I kept meaning to pop in to drop a quick line saying I was okay after surgery, but every time I thought about sitting up and typing at the computer, I got tired, so here we are, 9 days later.
I'M OKAY
I guess I was just making this erroneous assumption that laparoscopic surgery wasn't "real" surgery and that I'd be bouncing around like normal by Day 4 post-op. In retrospect, this was really dumb. I think this is the first day that my core muscles feel as though they might be working properly again, and I have no idea why they were knocked out, since, well, it was LAPAROSCOPIC SURGERY and no one was slicing through all the muscles to get to the stuff they were taking out.
I just don't get it.
Vandals yarn bombed my home while I was in surgery |
Anywhoo, I'm feeling somewhat normal now and a friend is coming by to take me for a very short real walk, now that I don't feel as though my stomach is falling out when I stand up, so that's good.

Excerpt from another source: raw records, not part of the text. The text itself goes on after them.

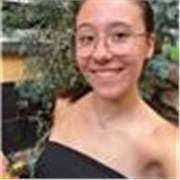Estudiante responsable que imparte clases de inglés, lengua, latín y griego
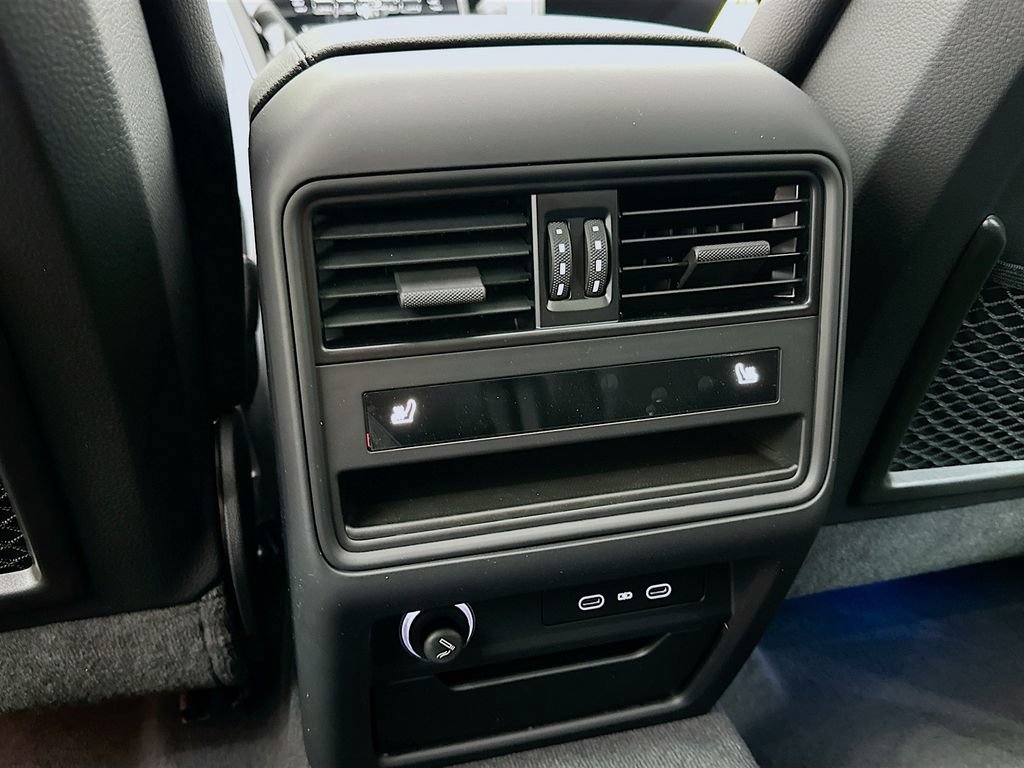 New 2026 Porsche Cayenne AWD/4WD image 48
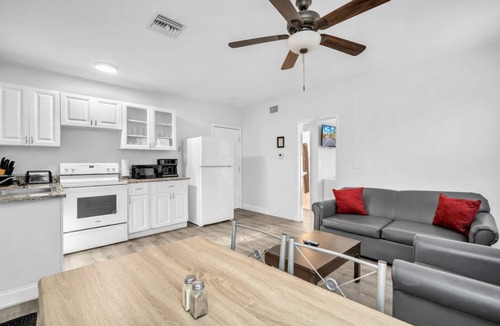 Hollywood Apartment | Cozy Corner Beach Apartment
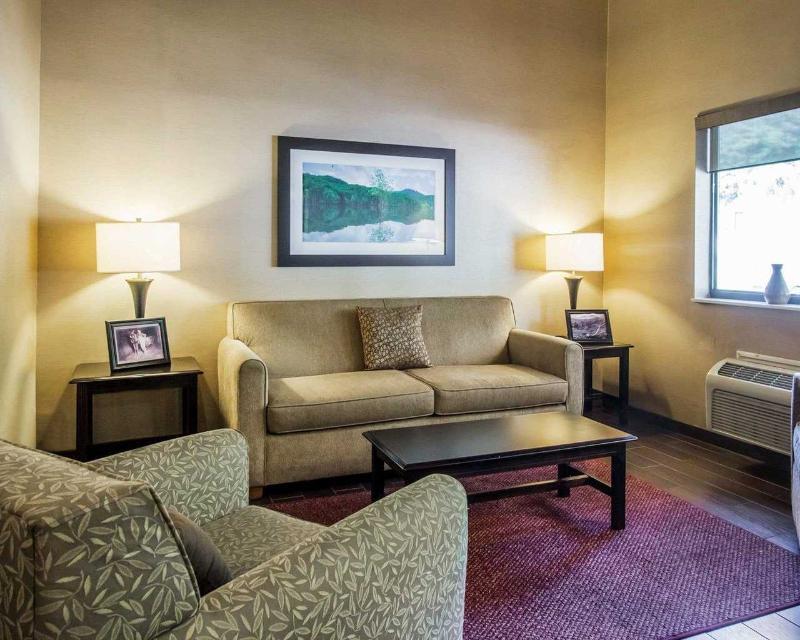 Quality Inn Harlan Экстерьер фото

And everyone brought us food, which was really nice, because apparently anesthesia does a number on your brain and there's no way I would have told myself to eat without someone putting a plate of food right in front of me. Also, I kept repeating myself (FOR DAYS), to the point where my family would get worried looks on their faces while I was speaking.
Which isn't really fair, how am I supposed to remember what I said to whom? There were a bunch of people around and have I mentioned I had just had surgery?
Like, yarn bombed A LOT |
The surgery itself was great, because they knocked me out before they even started rolling me out of pre-op and I had no idea and that's the way I like it, for sure. I did spend the next 3 or 4 days completely freaked out by the whole concept of surgery, though. I mean, it's weird, right?
I'M OKAY BUT FREAKED OUT
And, ha-ha, there's another surgery coming up. Yay. It's fine. Really.

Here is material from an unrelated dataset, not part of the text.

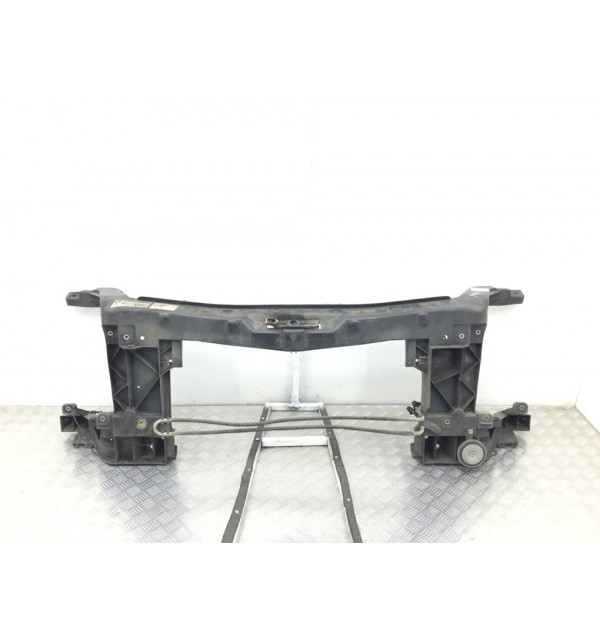 Панель передняя (телевизор) бу для Volkswagen Crafter  2.5 TDi,  2010 г.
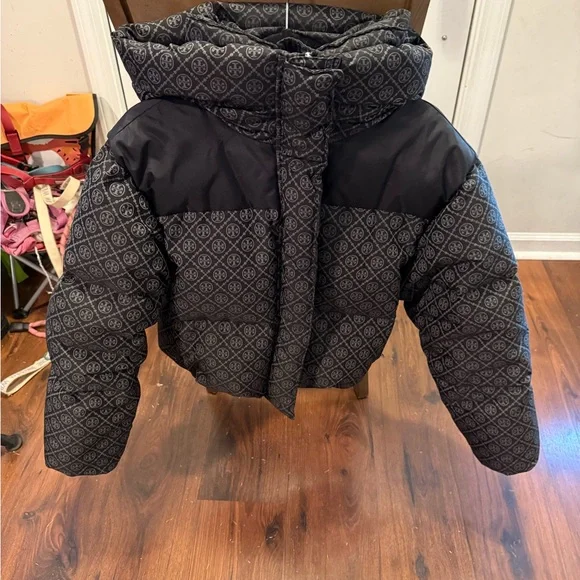 Tory Burch Cropped Puffer Coat - Picture 3 of 4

Oh, and all the biopsies (because apparently they do those if your BRCA2 is mutated) came back clear/negative/however you say it. I feel very lucky.
I'M OKAY BUT FREAKED OUT BUT GRATEFUL
Also grateful for knitting friends who like to let me know they're thinking about me |
And that's all I've got right now, because the brain is still somewhat addled and I still get a little tired sitting up, because apparently that is all core strength and who knew? Not me, that's for sure; apparently, I've got a lot to learn.